3. Погребальный инвентарь: датировка и дискуссии

Вещи в Балымерских курганах достаточно немногочисленны, но выразительны. К сожалению, до настоящего времени они не сохранились. С момента раскопок вплоть до 1929 г. они хранились в музее Общества археологии, этнографии и истории при Казанском университете, а после его расформирования, видимо, были депаспартизованы и утеряны. В фонды Государственного объединенного музея Республики Татарстан поступил, очевидно, только меч, но и он ныне в коллекциях музея отсутствует.

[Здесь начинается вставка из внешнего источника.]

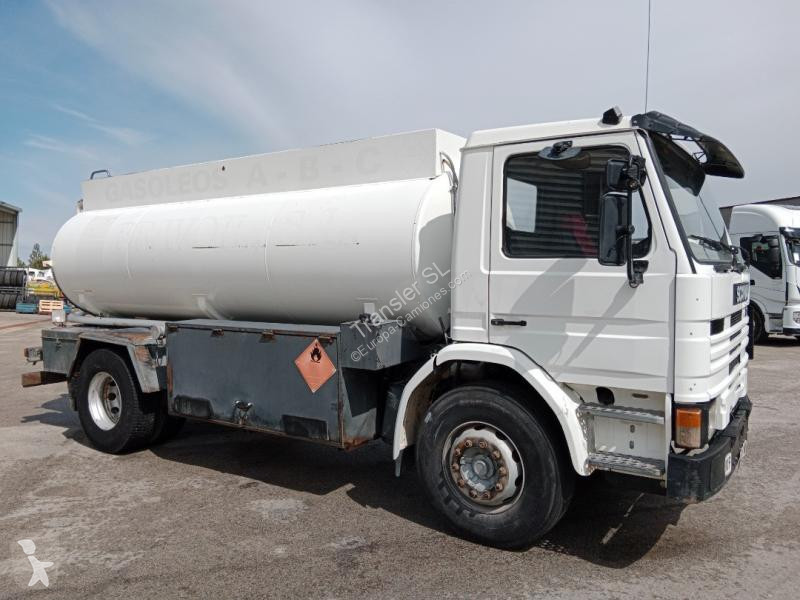 Kamion Scania M M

Представление о характере находок можно составить только на основании подробных рисунков и фотографий. Находки обломков грубых лепных или круговых плоскодонных сосудов отмечены практически во всех погребениях, но тип их неизвестен. Судя по фотографии и описаниям, фрагменты сосуда (венчик и днище) из кургана 13 представляли собой обломки толстостенного сосуда ручной выделки с заметно бугристой поверхностью (примесь шамота в тесте?). Форма его, видимо, была горшковидная плоскодонная с хорошо выраженным горлом со скошенным наружу краем венчика. Верхняя треть горшка была украшена орнаментом в виде наклонных подквадратных насечек (гребенчатый штамп?). По ряду признаков (технические признаки, форма и орнаментация) этот сосуд можно отнести к XI группе по типологии булгарской керамики, которая восходила к традициям гончарства лесостепного варианта салтово-маяцкой культуры верховьев Дона.

Только в одном самом богатом захоронении кроме глиняного сосуда был найден целый комплекс предметов. Среди них следует отметить остатки кожаной поясной сумочки с бронзовыми заклепками по краю с калачевидным кресалом, железной трубицей для трута и кремня, два типа поясных и уздечных круглых накладок и согнутый каролингский меч.

Поясная сумочка с бронзовыми накладками является довольно характерным элементом волго-уральского раннесредневекового мужского костюма. Одновременно это была достаточно широко распространенная, хотя сравнительно немногочисленная находка для многих археологических памятников Восточной и Северной Европы. Обнаружены они и их детали в погребениях Бирки, особенно много их в Венгрии «эпохи Арпадов». Круглые литые бронзовые поясные и сбруйные накладки так называемого «венгерского» типа c полушарным выступом в центре и круговым бордюром с орнаментом в виде чередующихся удлиненных пальметт, видимо, служили малая как поясная накладка, а большая — в качестве уздечной или сбруйной бляшки. Стилистически они довольно сходны, но на большой накладке центральный выступ соединяется с бордюром тремя стилизованными листьями, расходящимися лучами. Поясные накладки подобного типа хорошо известны в Среднем Поволжье и Южном Урале, встречены также в Венгрии и Швеции. Крупных сбруйных накладок известно в Восточной Европе не много, найдены они, например, были как в Танкеевском могильнике, так и на поселениях на Казанском Кремле, Большом Боршевском городище и землянке в Киеве в районе Десятинной церкви, довольно много их обнаружено в могильниках «эпохи Арпадов» в Венгрии.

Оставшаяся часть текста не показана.